= Your instructions =
Output, word for word, the line that contains "上饶供应链贷款，企业资金流动的智慧之选" and all lines after it in the records below, omitting pictures.

[[ Material supplied open ]]

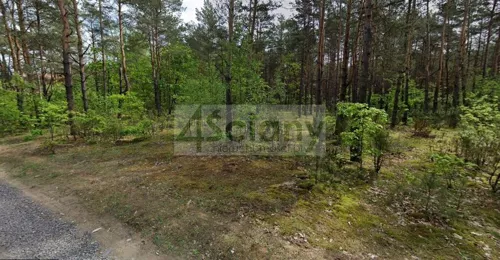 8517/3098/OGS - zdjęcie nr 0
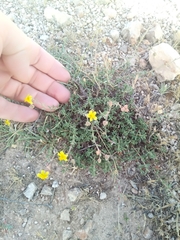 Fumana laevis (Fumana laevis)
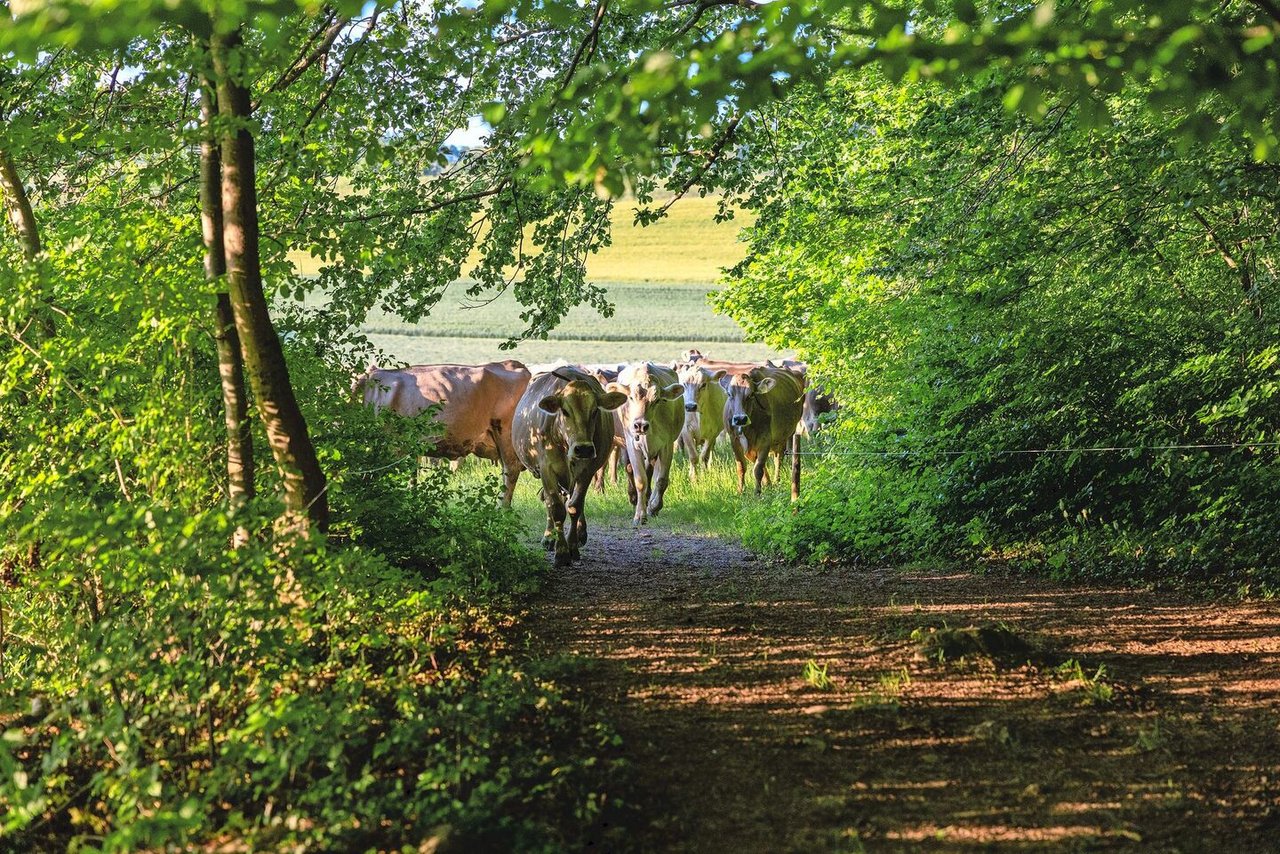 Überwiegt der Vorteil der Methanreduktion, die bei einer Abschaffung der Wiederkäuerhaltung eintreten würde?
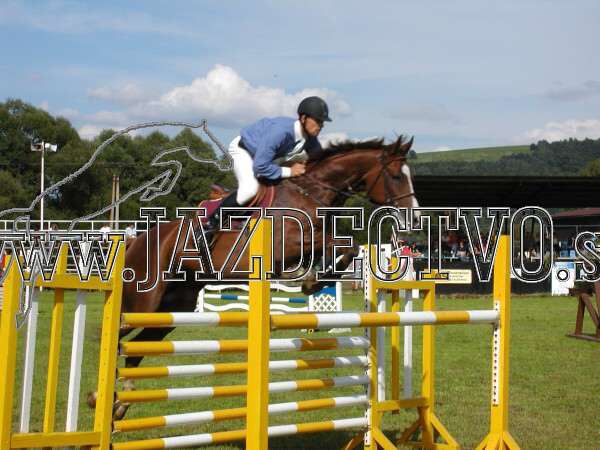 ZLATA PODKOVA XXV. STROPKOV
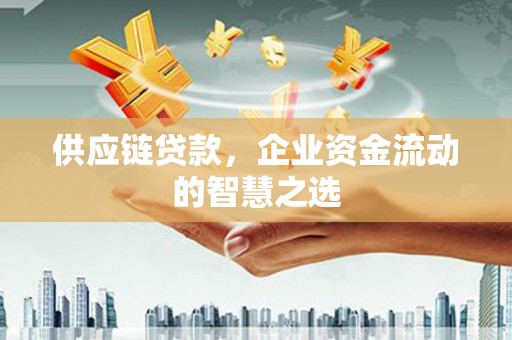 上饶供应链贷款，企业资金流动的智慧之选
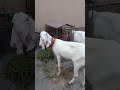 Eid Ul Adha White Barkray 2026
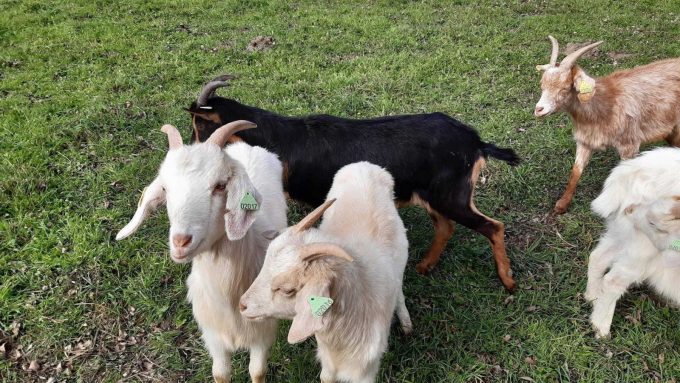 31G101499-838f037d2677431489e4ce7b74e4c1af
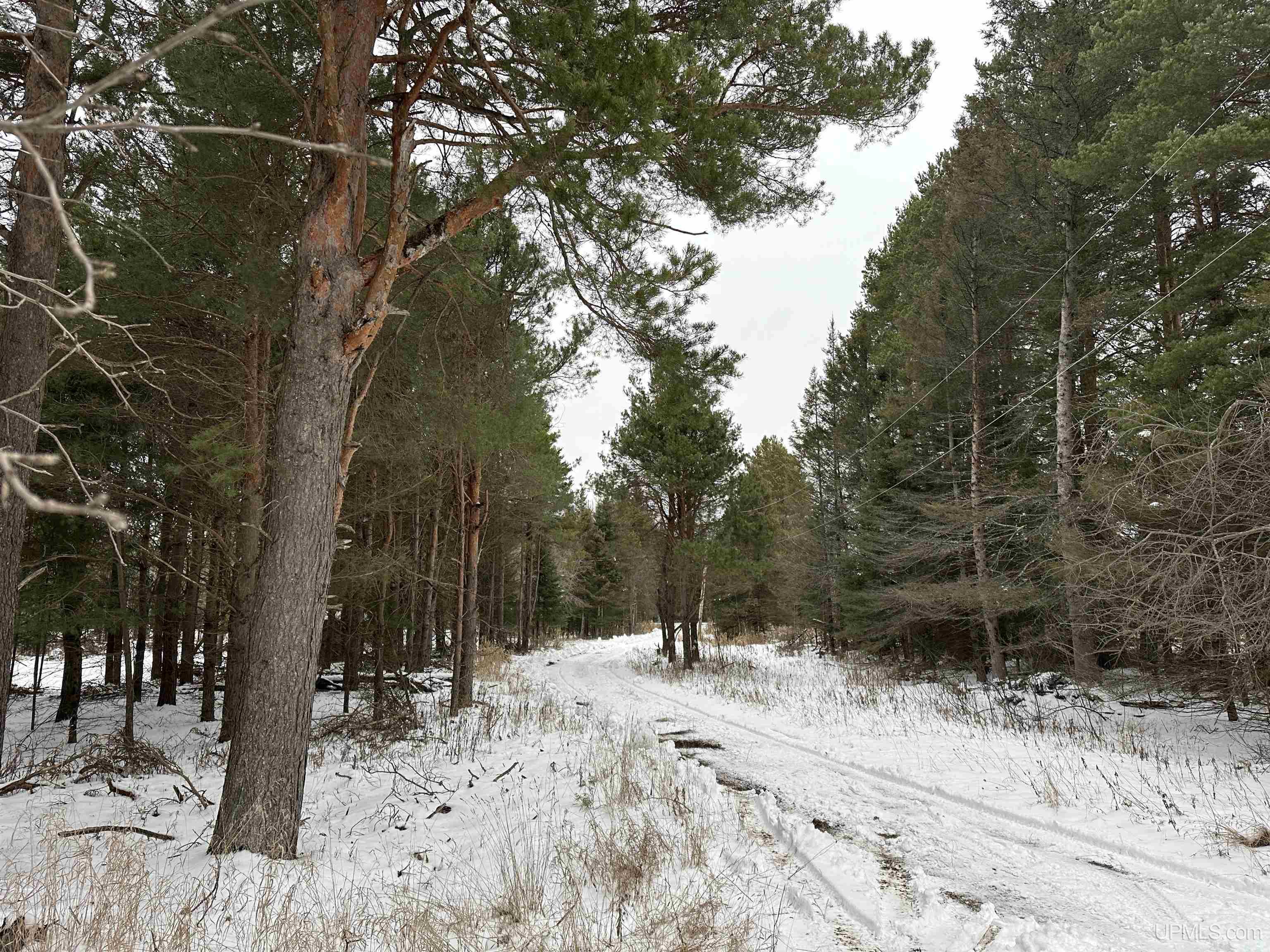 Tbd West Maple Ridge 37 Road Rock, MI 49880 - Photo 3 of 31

[[ Material supplied closed ]]

= Solution for this problem =
 上饶供应链贷款，企业资金流动的智慧之选
 Eid Ul Adha White Barkray 2026
 31G101499-838f037d2677431489e4ce7b74e4c1af
 Tbd West Maple Ridge 37 Road Rock, MI 49880 - Photo 3 of 31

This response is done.